Saturday, July 5, 2008

Why I'm like my mother


This past week was the 10th anniversary of my mother Esther's death. She died on July 1, 1998, while I was in the middle of graduate school. We never found out what was wrong with her for sure, because she was "done" with tests and other invasive treatments by that time (she was 86, and had had at least six major surgeries in her life - she wanted no part of any more). I think she died of a broken heart. The last year of her life, my dad was becoming more and more confused and "demented" - it was the year of the huge "El Nino" and they spent nearly the entire winter in the house. Dad wouldn't go anywhere, and he would barely let me take her anywhere. She had lost her sister Carrie and sister-in-law Winnie during the previous two years and was losing her friends right and left. Every time I talked to her, she had been to another funeral. It was as if everything that had given her a reason to live was leaving her. We were the only thing left.

At Mother's Day that year, I remember thinking, "this is the last year I will have my mom on this day." She wasn't eating much and she just started to fade away. She died a month and a half later.

The night she died, we were all at the nursing home, waiting. She was out of pain, they had given her morphine, and I sat holding her hand and listening to her struggling ragged breathing, telling her it was ok to go. She finally took her last breath about 8 p.m. and nearly at the same time, a small bell rang in the hall.

At the time, I didn't want to be like her. She had picked a difficult man to marry, my father, and I felt that she often let him walk all over her. She didn't know how to cope with his rages and made excuses for him and didn't know how to protect us from him. She should have left him years ago, but wouldn't go. It was a source of frustration to my siblings and me. There was nothing we could do about it except forgive her, which I eventually was able to do. It was a different generation and she just couldn't bring herself to leave or kick him out.

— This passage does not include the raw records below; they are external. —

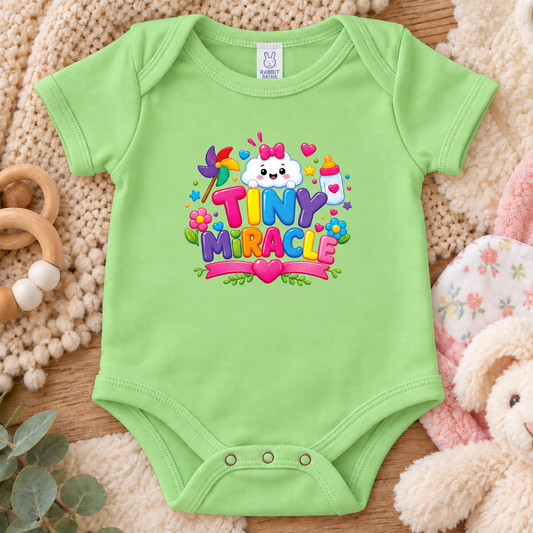 A keylime green short-sleeve baby bodysuit features a colorful 'TINY MIRACLE' graphic with a cartoon cloud, flowers, hearts, and a baby bottle.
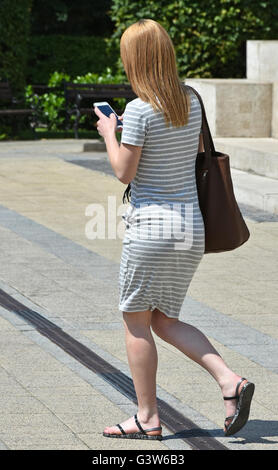 Young woman walks on the street with a smartphone Stock Photo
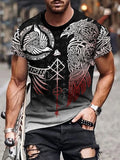 Man wearing a black and gray t-shirt with intricate designs, standing on a street.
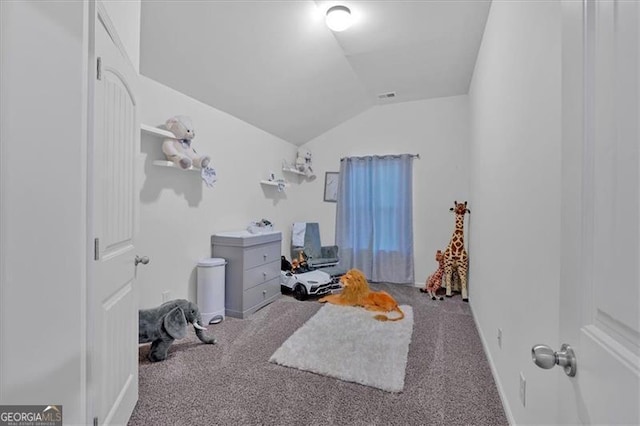 home office with carpet floors and vaulted ceiling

Now I can think of my mother with joy and fondness for my memories of her life and a new appreciation for her accomplishments in spite of the limitations she had. From the vantage point of ten years after her death, I can see the gifts she gave me by what I have also accomplished in spite of my OWN limitations and I see that many of my own areas of interest had their beginnings in something that she exposed me to in one way or another or encouraged me to do.

Just a few...
  • I love birds, being outside - all our trips to the Sierras (the bluebird above was hers)
  • I am a farmer at heart - growing things gives me an enormous satisfaction - I used to follow her around in the orange grove and help with the irrigation. I started pulling weeds at age 4.
  • I love to help people - we have a long streak of "social worker" types in our family - my mother was always helping someone, including the hobos that came to the back door in the early 50s.
  • I love books - Mom took me to the library weekly in the summer and made reading a perfectly good alternative and reward to doing chores
  • I went to college with no support from her and Dad (he was retired by that time and didn't have any extra money) - she made it clear to me that I was absolutely capable of it and shouldn't think I couldn't. I managed it somehow.
  • I love God - while she couldn't go to church for most of my childhood (my father wouldn't let her) - she encouraged me to go with my grandmother and aunt. This is a foundation of my life.
  • I love to cook - she let me try weird things when I was taking cooking in 4-H and ate my concoctions even if she didn't like them (I remember one shrimp curry that was particularly nasty...). She was also not a slave to recipes and taught me the basics of canning.
I DIDN'T get her drawing and painting ability and though I can sew, it's hard for me to take time to do it right now. Maybe later. My daughter got the artistic genes and the pie-making genes - I am hopeless in that category. And I am definitely not the fisherman she was!

Today I told my daughter that I was canning and she said "you are totally turning into Gramma!" That's what started all this...

Mom, I miss you.

1 comment:

random tex(t) said...

i miss her too.

every single day.

i am so glad we still have her with us. you with your canning. me with my pies.

ps: i am making one for christmas this year. no way around it.